Pela importância do evento, a Exposição de 1925 teve igualmente eco em revistas da especialidade fora do espaço gaulês. Na britânica The studio: an illustrated magazine of fine and appplied art, por exemplo, na sua apreciação após visita ao recinto, o escritor e crítico de arte francês Gabriel Mourey (1865-1943) fez uma crítica assaz severa ao que observou.

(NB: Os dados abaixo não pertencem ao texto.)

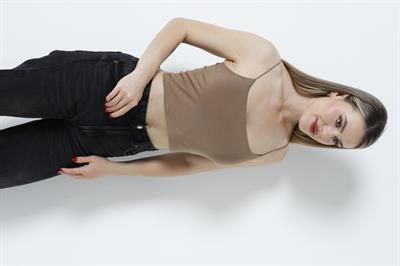 İp Askılı Crop Bluz Kahverengi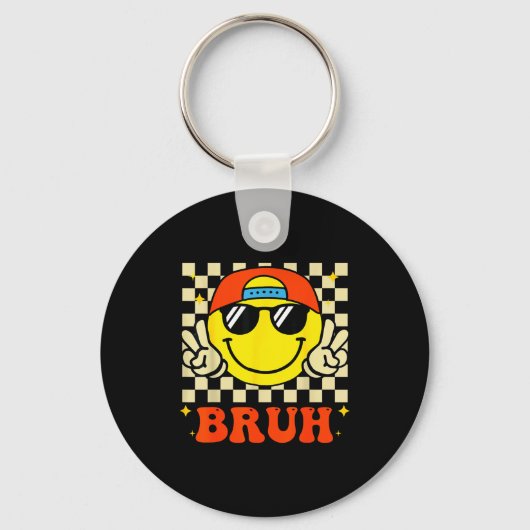 Groovy Bruh For Girls Kids Boys Smile Face Sleutelhanger (Voorkant)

“Falando de uma forma geral eles [os pavilhões] apresentam sérios defeitos, dos quais o principal é não terem um carácter suficientemente francês e as suas proporções não serem as que se terão desejado”. Sem se referir a nenhum pavilhão em particular, mesmo ao pavilhão soviético e ao do Espírito Novo, Mourey escreveu que todos eram “pretensiosos e ao mesmo tempo lúgubres; têm, de forma exagerada, a marca de uma procura demasiado consciente da originalidade, da novidade a qualquer preço, o que lhes retira todo o encanto”. Não deixou, contudo, de reconhecer que “seria injusto negar que, mesmo com os seus defeitos, esta Exposição de 1925 apresenta a evidência de grandes e admiráveis esforços” (Volume 90, 1925, páginas 16-21).
Para além do conjunto de artigos que foram sendo publicados, entre abril e outubro de 1925, em diversas revistas e jornais da época, da Exposição Internacional das Artes Decorativas e Indústrias Modernas ficou para memória futura o “Rapport géneral” (Relatório geral), produzido pelos responsáveis da sua realização, e a Encyclopédie des arts décoratifs et industriels modernes au XXème siècle que é, sem dúvida, o melhor documento que permite hoje fazer dela uma reconstituição detalhada.
Publicada em Paris com a chancela da Imprimerie nationale, não é possível dizer com certeza a data da sua edição, uma vez que nenhum dos volumes possui essa informação. No entanto, pelo facto de cada um deles conter muitas fotografias da exposição, deve ter sido publicada depois do seu encerramento, entre 1926 e 1930.
Cada um dos 12 volumes é dedicado a um aspeto da vida moderna – da arquitetura à moda, passando pelo ordenamento das cidades – presente na exposição, com textos (não assinados) contextualizando as criações artísticas, acompanhado por numerosas fotografias e heliogravuras, algumas das quais a cores, uma bibliografia, um índice temático e ilustrações. Um dos aspetos curiosos desta obra é a sua encadernação: a sequência das lombadas completa o seu título.
Comprada pelo Museu Calouste Gulbenkian para a exposição Art Déco 1925, realizada em 2009, a Encyclopédie des arts décoratifs et industriels modernes au XXème siècle foi integrada no fundo documental da Biblioteca de Arte.